(RECORDS FOR THE EXERCISE begins)
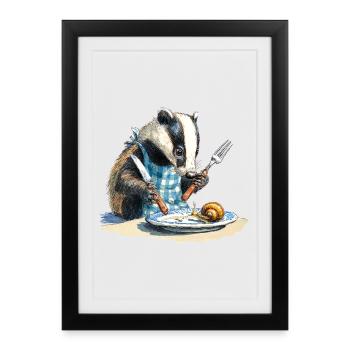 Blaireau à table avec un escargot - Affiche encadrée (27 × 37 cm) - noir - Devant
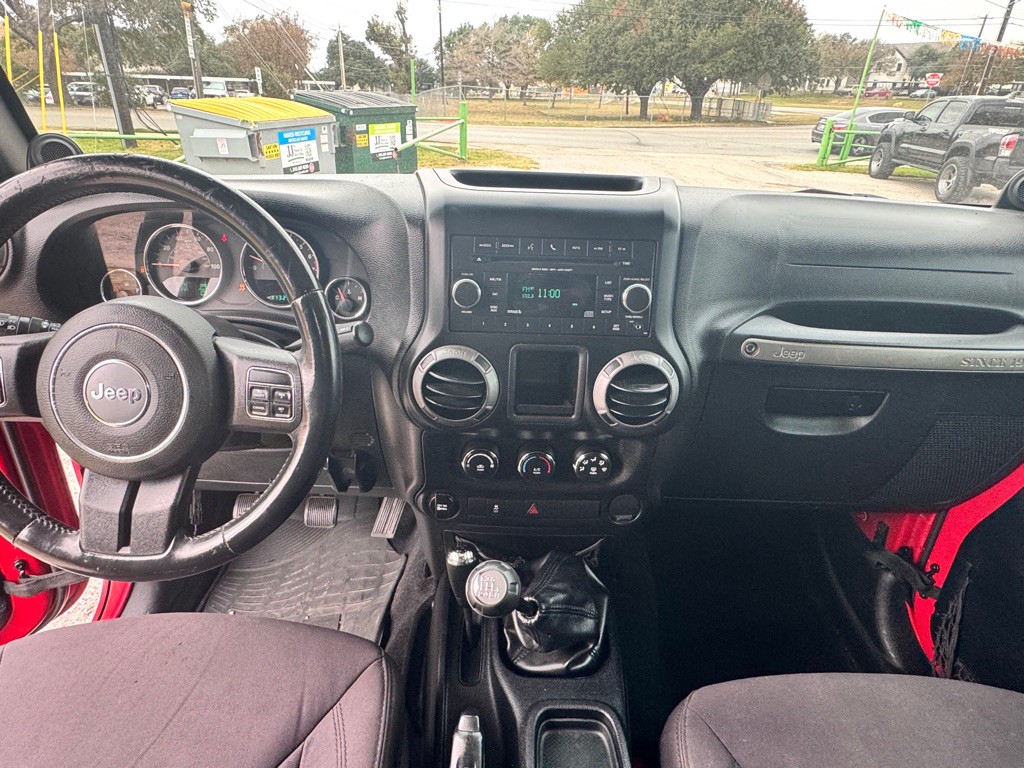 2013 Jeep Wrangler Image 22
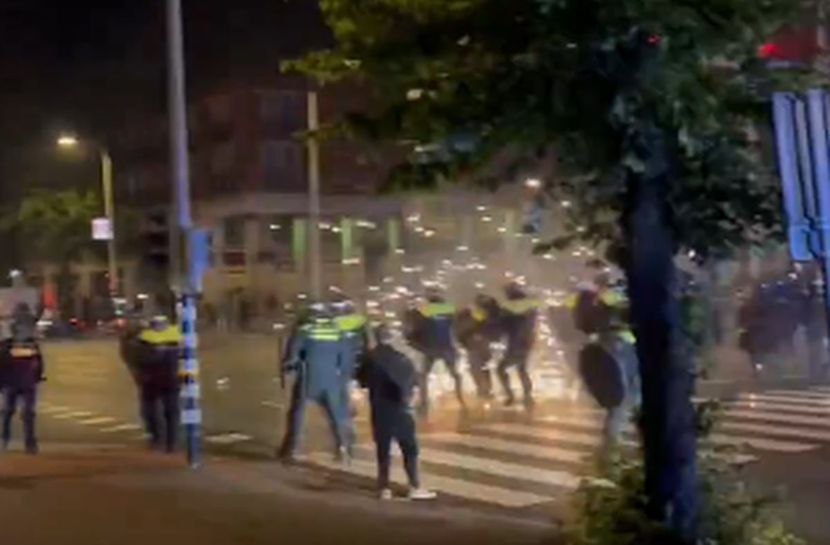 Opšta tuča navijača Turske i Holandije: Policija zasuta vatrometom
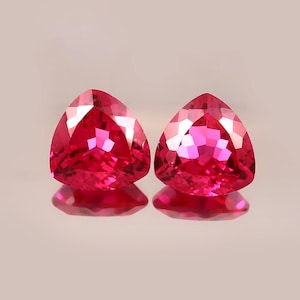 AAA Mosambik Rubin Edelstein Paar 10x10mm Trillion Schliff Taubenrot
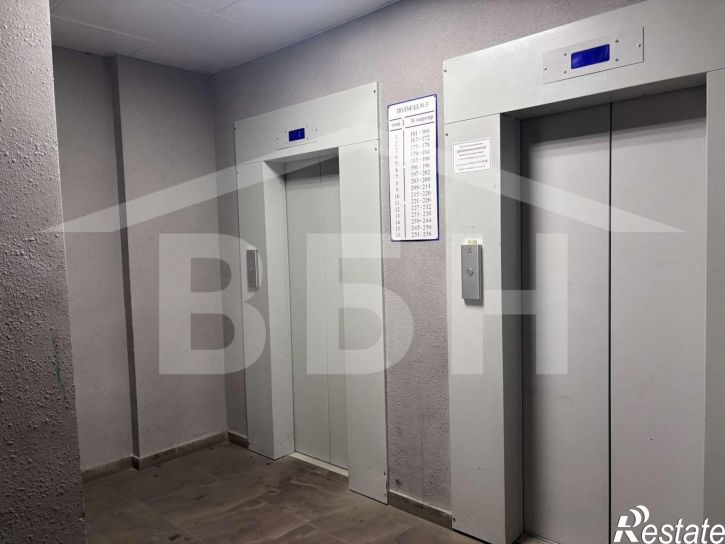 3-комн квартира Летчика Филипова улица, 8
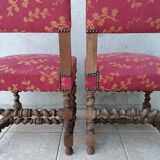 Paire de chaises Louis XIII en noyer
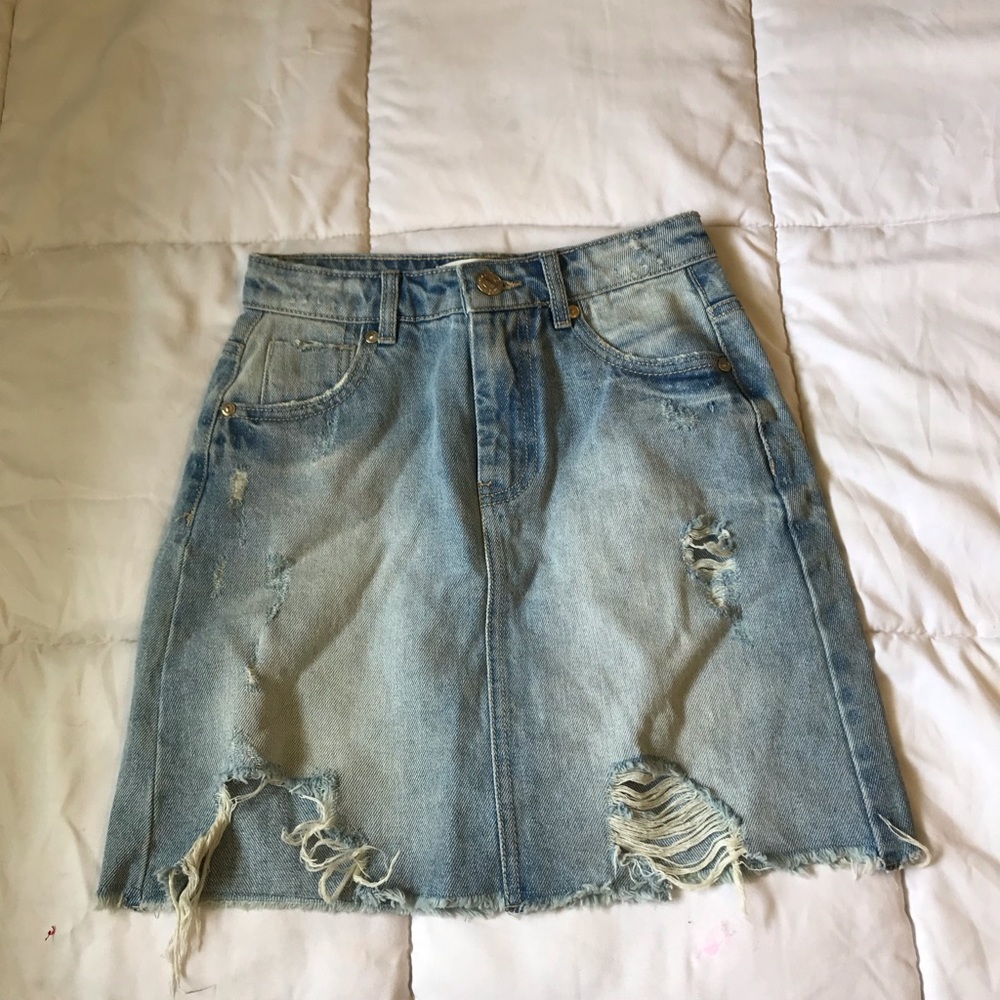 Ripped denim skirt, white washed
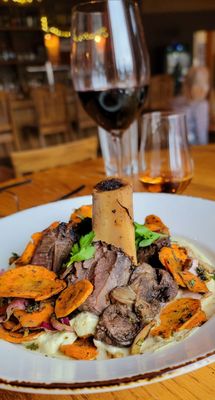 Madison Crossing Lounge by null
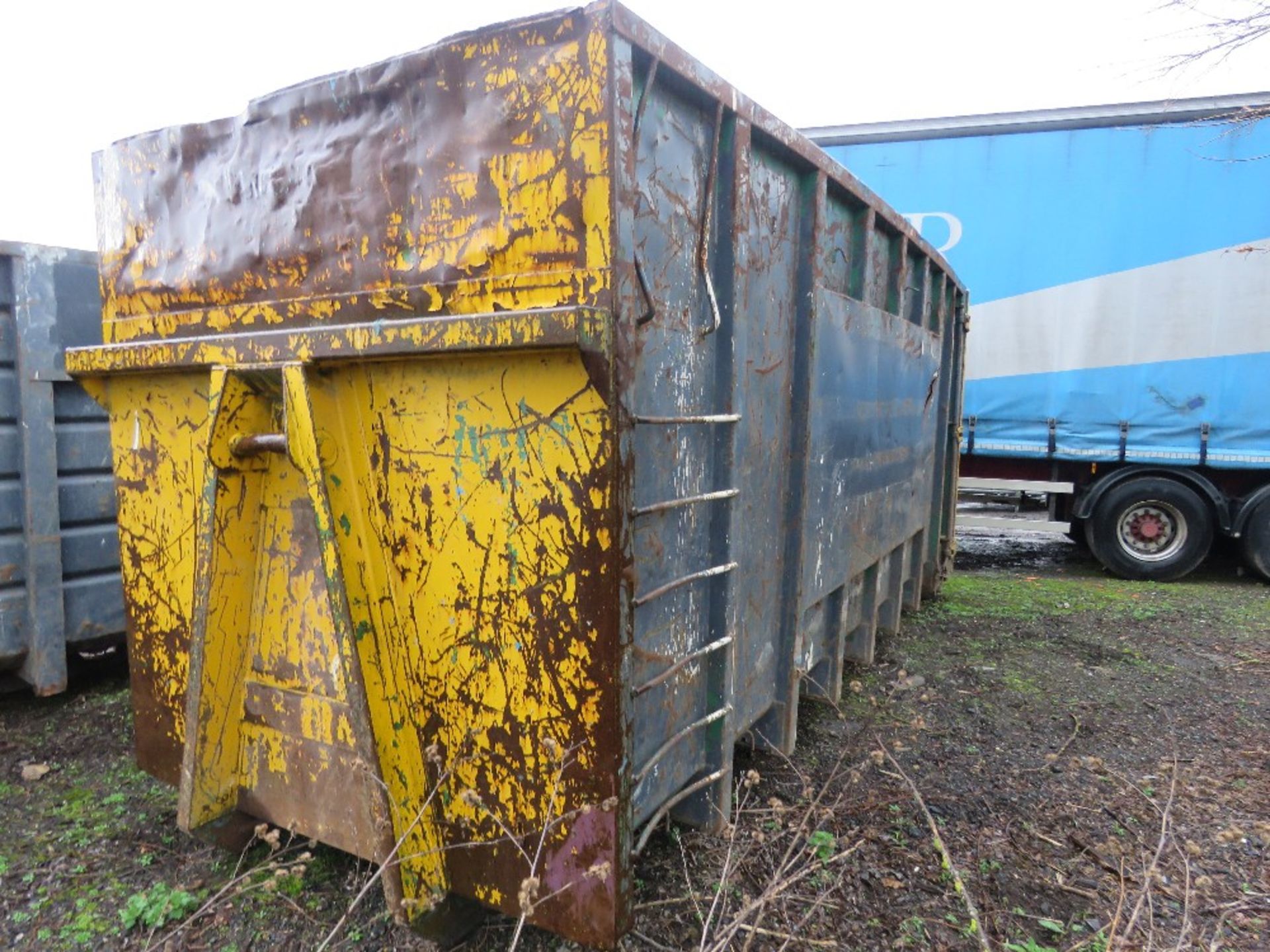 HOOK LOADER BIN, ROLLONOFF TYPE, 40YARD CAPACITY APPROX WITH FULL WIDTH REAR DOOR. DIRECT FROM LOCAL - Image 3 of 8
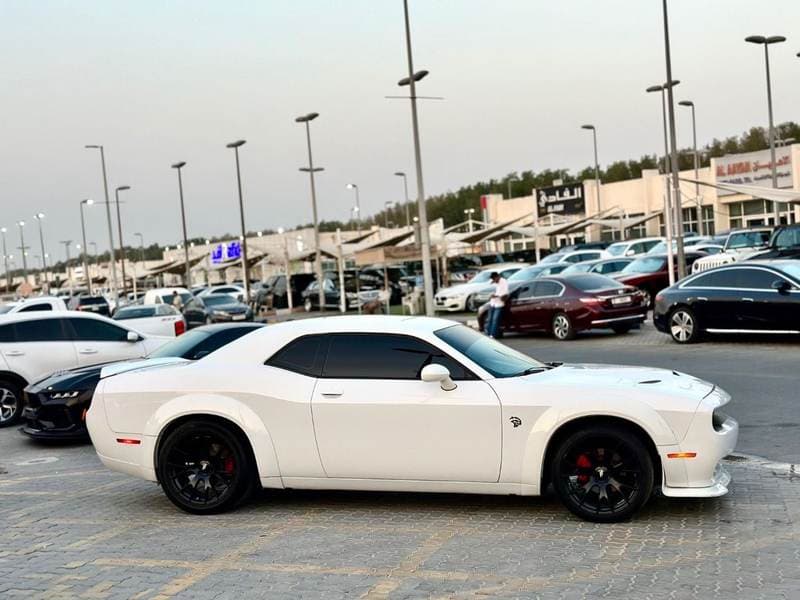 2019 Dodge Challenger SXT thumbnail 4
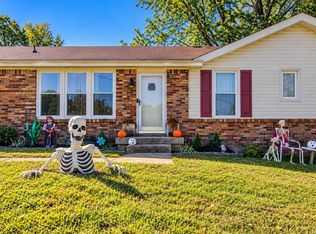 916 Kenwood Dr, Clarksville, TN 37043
(RECORDS FOR THE EXERCISE ends)
• [EXERCISE] Starting where a line contains "2019 Dodge Challenger SXT thumbnail 4" and finishing at the last line above, set down every line exactly as it reads, with no pictures.

• [FINAL ANSWER]
 2019 Dodge Challenger SXT thumbnail 4
 916 Kenwood Dr, Clarksville, TN 37043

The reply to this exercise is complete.